ABR is on by default when the URL points to a master playlist. Use --quality= to disable it. Use --abr-preset=unstable on slow / lossy mobile connections. For live streams that fall behind on bad networks, --skip-on-stall lets the extractor catch up by dropping segments.

Library

The library surface mirrors the CLI. The top-level entry point is Extractor, which is driven by an options object and writes output bytes to a StdoutSink (or FileSink). Full re-export list lives in src/index.ts.

Minimal example

import { Extractor, StdoutSink, makeOutputMode } from 'hls-pipe';

const sink = new StdoutSink(process.stdout, { bufferLimitBytes: 10 * 1024 * 1024 });
await new Extractor({
  url: 'https://example.com/master.m3u8',
  sink,
  outputMode: makeOutputMode('ts-canonical'),
  inlineAudioLanguages: 'all',
  log: (msg) => console.error(msg),
}).run();

ExtractorOptions

Field Type Default Meaning
url string required HLS URL — master or media playlist.
sink StdoutSink required Where segment bytes go.
loader Loader new NodeLoader() HTTP loader. Swap to test or to add auth headers.
outputMode OutputMode new TsPassthroughMode() Per-segment byte transform.

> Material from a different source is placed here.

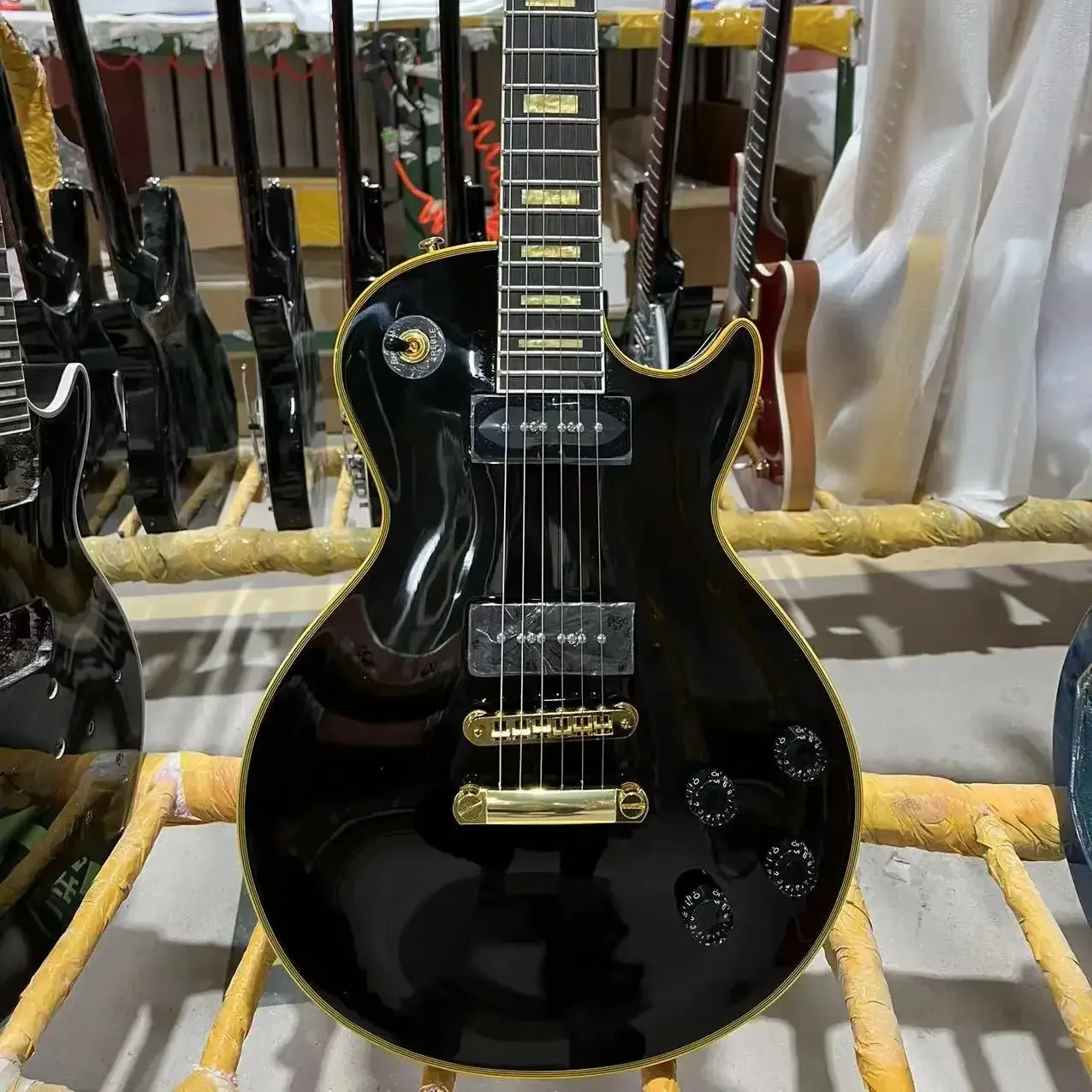 

Custom Electric Guitar, Black Color, Mahogany Body, Rosewood Fretboard, Golden Hardware, Yellow Binding, Free Shipping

Use makeOutputMode('ts-canonical' | 'ts' | 'es-audio' | 'es-video').
fixedQuality QualityHint undefined Disable ABR. {kind:'lowest'}, {kind:'highest'}, {kind:'index', value:N}, or {kind:'maxBitrate', bitrate:N}.
abr Partial<AbrConfig> DEFAULT_ABR_CONFIG Override EWMA half-lives, bandwidth margin, abandon thresholds. UNSTABLE_NETWORK_ABR_CONFIG is a preset.
latency Partial<LatencyConfig> auto-tuned liveSyncTargetSec, liveMaxLatencySec, etc. Auto-tunes from first live playlist when not pinned.
autoTuneLiveSync boolean true When latency.liveSyncTargetSec isn't set explicitly, auto-tune to 2 × targetDuration.
liveStartOffsetSegments number 6 Segments behind live edge to start at. Larger = more head-room before ABR sees pressure.
inlineAudioLanguages 'all' | string[] undefined Multiplex these languages into the canonical TS. Requires outputMode = ts-canonical.
allowMonoAudio boolean false Permit all-mono AUDIO groups for inline-mux. Default biases toward stereo+.
audioSelection 'all' | string[] undefined Spawn the per-file audio coordinator for these languages. Runs in parallel with the main video pipeline.
audioOutDir string undefined Required when audioSelection is set; one .aac file per language is written here.
audioPreferredGroup string undefined Pin the per-file coordinator to a specific AUDIO group-id. Disables ABR-group following.
inlineSubtitleLanguages 'all' | string[] undefined Multiplex SUBTITLES renditions inline as private PIDs (stream_type 0x06, private_stream_1 PES carrying WebVTT cue blocks verbatim). Requires outputMode = ts-canonical. PIDs assigned from DEFAULT_SUBTITLE_PID_BASE (0x110) in user-list order.
alignment 'auto' | 'mediaSequence' | 'cumulative' 'auto' Cross-variant segment alignment. auto = cumulative for VOD, mediaSequence for live.
signal AbortSignal undefined Cancellation. The extractor's run() rejects with AbortError on signal.
log (msg: string) => void no-op One-line status events (ABR decisions, init reloads, skip-to-live, etc.).
abandonCheckIntervalMs number 100 How often the mid-fragment abandon evaluator runs during a segment fetch.

Common patterns

Fixed quality, no ABR — useful for tests or capped scenarios:

new Extractor({
  url, sink,
  fixedQuality: { kind: 'maxBitrate', bitrate: 2_000_000 },
}).run();

Cancellable run with an AbortController (timeouts, user-stop, etc.):

const ac = new AbortController();
setTimeout(() => ac.abort(), 30_000);
try {
  await new Extractor({ url, sink, signal: ac.signal }).run();
} catch (err) {
  if ((err as Error).name !== 'AbortError') throw err;
}

Write to a file instead of stdout:

import { createWriteStream } from 'node:fs';
import { Extractor, StdoutSink } from 'hls-pipe';

const sink = new StdoutSink(createWriteStream('out.ts'));
await new Extractor({ url, sink }).run();
await sink.end();

(StdoutSink accepts any node:stream.Writable. FileSink is a thin wrapper for fs.WriteStream with the same write(chunk, mediaSeconds) contract.)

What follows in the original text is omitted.